The rhetoric of 'democracy' that was coïncident with the Rights Revolution has been used to degrade the latter, as it refused to insist that The People—in these cases equalling often slim majorities in some states—ought to be a _constitutional_ monarch…and that especial care were necessary to ensure that membership in 'The People' were not removed or abstracted away from large numbers of actual persons. (Who is the hard-right writer who recently wrote out loud tgat very many Americans born here are not 'really' Americans?—'out loud', mind you, so the answer isn't 'all of them'.)

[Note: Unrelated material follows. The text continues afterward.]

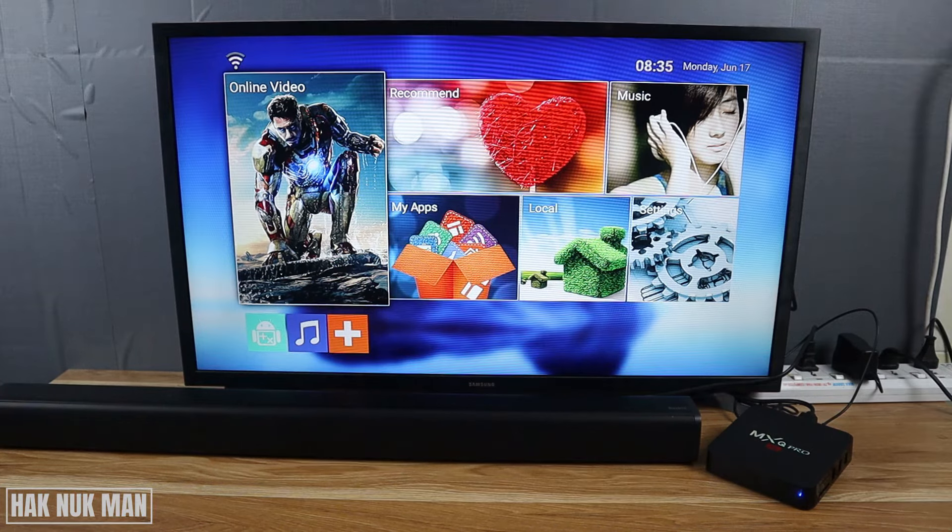Good evening everyone. In today's video I'm going to show you how to connect a speaker or a soundbar to your MXU Pro 4K smart TV box. As you can see on the table, I've got the soundbar and the MXU Pro already connected to the TV. To connect it, you need some accessories because this TV box doesn't have Bluetooth, so make sure you have an audio cable and your speaker must have an audio input.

Similarly, the rhetoric of anti-elitism failed to take into account cases where very many people, through bigotry or callousness or (in my arrogant and entirely correct opinion) misplaced priorities do not worry themselves with the rights of groups to which they do not belong, or even their own. That is to say, sometimes it seems as if only an elite bother with some rights.
And, of course, to jump on mine old hobby-horse, there are those whom liberals don't seem to understand well, those for whom civil rights pale in comparison to the feeling of freedom they get from identifying with a powerful figure immune to the frustrations of civilised life because he can do, seemingly, exactly what he wants. ('Autocracy is perfect anarchy for one person.', source forgot.)